Characteristics of a Close Corporation in South Africa?
A close corporation (CC) is a type of business entity that was available in South Africa before the implementation of the Companies Act, 2008. Although the creation of new close corporations has been discontinued since May 2011, existing CCs can continue to operate.
Here are the key characteristics of a close corporation in South Africa:
Limited Liability
Limited liability is one of the most significant features of a close corporation. Members of a CC are not personally liable for the debts and liabilities of the corporation beyond their capital contributions. This means that their personal assets are protected in the event of business failure.
Number of Members
A close corporation can have between 1 to 10 members. These members are essentially the owners of the CC. This limited number allows for a more manageable and intimate business structure, ideal for small to medium-sized enterprises.
Membership
Membership in a close corporation is limited to natural persons. This means that only individuals, not other companies or juristic entities, can be members of a CC. This ensures that the business remains small and closely held.
Legal Personality
A close corporation has a separate legal personality from its members. This means that the CC can own property, enter into contracts, sue, and be sued in its own name. This separation provides a clear distinction between the business entity and its owners.
Simplified Management Structure
Close corporations have a simplified management structure. There is no requirement for a board of directors or formal meetings like in companies. The members collectively manage the business, making decisions through mutual agreement.
Flexibility
The flexibility of a close corporation is one of its appealing characteristics. Members can easily make changes to the ownership structure, such as transferring membership interests. This can be done without the formalities required in a company structure.
Financial Statements and Audits
Unlike companies, close corporations are not required to have their financial statements audited, unless specified in the founding statement or if required by a professional or regulatory body. This reduces administrative costs and simplifies compliance.
Founding Statement
A close corporation is formed by filing a founding statement (CK1 form) with the Companies and Intellectual Property Commission (CIPC). This document outlines the basic details of the CC, such as the name, principal business activities, and details of the members.
Continuity and Transfer of Membership
The continuity of a close corporation is not affected by changes in membership. The CC continues to exist even if there are changes in the membership, ensuring stability and longevity of the business. Membership interests can be transferred with the agreement of existing members, providing flexibility in ownership.
Taxation
Close corporations are taxed as separate legal entities. They are subject to corporate tax rates on their profits. Members may also be subject to personal income tax on any distributions they receive from the CC.
Key Facts and Real Information
- Discontinued New Registrations: New close corporations cannot be registered after May 2011, but existing ones can continue to operate.
- Limited Liability: Protects members’ personal assets.
- Membership Limit: 1 to 10 natural persons.

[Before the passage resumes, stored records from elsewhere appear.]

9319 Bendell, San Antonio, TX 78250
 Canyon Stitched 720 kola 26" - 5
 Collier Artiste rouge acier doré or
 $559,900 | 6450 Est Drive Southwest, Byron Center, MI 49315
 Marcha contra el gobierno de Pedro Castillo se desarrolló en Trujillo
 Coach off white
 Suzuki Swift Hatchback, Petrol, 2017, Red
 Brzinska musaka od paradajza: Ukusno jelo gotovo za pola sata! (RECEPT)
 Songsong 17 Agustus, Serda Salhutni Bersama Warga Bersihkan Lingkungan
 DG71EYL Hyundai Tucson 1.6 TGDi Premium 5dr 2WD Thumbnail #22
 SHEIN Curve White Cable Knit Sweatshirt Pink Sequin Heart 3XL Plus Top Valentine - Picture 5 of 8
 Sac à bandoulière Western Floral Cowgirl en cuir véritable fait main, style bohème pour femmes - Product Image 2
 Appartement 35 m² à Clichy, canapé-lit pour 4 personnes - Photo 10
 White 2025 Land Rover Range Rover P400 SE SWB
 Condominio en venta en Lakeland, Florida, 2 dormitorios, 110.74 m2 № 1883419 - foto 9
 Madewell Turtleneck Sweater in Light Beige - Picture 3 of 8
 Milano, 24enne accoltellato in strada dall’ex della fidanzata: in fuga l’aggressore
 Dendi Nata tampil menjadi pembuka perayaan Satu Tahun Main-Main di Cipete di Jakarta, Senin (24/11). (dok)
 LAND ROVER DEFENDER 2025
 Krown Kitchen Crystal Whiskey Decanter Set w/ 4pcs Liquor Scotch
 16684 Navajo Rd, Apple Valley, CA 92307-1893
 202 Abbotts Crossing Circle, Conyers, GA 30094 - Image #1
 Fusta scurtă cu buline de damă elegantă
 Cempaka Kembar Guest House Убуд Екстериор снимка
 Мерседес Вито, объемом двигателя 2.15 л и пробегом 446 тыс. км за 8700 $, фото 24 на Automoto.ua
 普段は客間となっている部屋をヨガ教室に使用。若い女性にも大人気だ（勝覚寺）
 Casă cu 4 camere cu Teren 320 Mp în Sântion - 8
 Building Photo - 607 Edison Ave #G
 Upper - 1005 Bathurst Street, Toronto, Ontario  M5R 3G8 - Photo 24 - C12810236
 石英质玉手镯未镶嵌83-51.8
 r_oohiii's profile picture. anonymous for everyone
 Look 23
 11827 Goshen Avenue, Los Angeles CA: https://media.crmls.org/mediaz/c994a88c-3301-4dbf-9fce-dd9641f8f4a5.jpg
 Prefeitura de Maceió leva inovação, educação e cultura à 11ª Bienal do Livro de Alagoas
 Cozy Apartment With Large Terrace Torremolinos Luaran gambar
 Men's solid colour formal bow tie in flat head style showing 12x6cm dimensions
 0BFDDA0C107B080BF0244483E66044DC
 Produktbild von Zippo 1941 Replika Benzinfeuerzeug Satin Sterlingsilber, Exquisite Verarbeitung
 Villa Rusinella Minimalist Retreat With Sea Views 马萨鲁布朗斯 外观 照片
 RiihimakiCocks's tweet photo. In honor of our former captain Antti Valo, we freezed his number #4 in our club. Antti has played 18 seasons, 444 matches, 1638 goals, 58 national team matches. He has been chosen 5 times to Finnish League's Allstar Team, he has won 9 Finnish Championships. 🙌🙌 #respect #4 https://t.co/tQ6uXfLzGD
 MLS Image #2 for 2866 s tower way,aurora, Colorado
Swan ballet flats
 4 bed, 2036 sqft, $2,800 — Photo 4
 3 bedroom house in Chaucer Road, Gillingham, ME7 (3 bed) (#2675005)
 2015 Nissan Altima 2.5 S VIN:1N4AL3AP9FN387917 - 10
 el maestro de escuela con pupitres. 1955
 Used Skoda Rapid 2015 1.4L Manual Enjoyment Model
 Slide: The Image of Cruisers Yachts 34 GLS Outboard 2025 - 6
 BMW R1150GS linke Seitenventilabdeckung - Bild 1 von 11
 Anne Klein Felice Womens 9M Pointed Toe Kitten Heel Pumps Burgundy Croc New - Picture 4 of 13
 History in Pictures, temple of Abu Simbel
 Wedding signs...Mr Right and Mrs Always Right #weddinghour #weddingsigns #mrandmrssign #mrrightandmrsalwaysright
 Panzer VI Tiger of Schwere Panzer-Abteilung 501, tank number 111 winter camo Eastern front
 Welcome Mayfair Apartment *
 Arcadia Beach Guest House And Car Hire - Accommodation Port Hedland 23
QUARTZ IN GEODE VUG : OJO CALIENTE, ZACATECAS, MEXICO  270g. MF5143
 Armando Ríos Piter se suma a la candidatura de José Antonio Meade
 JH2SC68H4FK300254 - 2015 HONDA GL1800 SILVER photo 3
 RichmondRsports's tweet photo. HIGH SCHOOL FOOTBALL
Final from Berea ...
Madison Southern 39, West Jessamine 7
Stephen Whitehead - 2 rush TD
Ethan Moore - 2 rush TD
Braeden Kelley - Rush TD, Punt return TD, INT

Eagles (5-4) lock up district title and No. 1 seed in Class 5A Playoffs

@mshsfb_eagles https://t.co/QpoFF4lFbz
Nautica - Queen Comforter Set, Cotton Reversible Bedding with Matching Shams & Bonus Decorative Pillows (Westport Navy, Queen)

- Simplified Compliance: No audit requirement unless specified.
- Separate Legal Entity: Can own property and enter into contracts independently.
Close corporations in South Africa offer a unique blend of limited liability, flexibility, and a simplified management structure. They are particularly well-suited for small to medium-sized enterprises. Despite the discontinuation of new CC registrations, existing close corporations remain an important part of the South African business landscape, providing an accessible and manageable business structure for many entrepreneurs.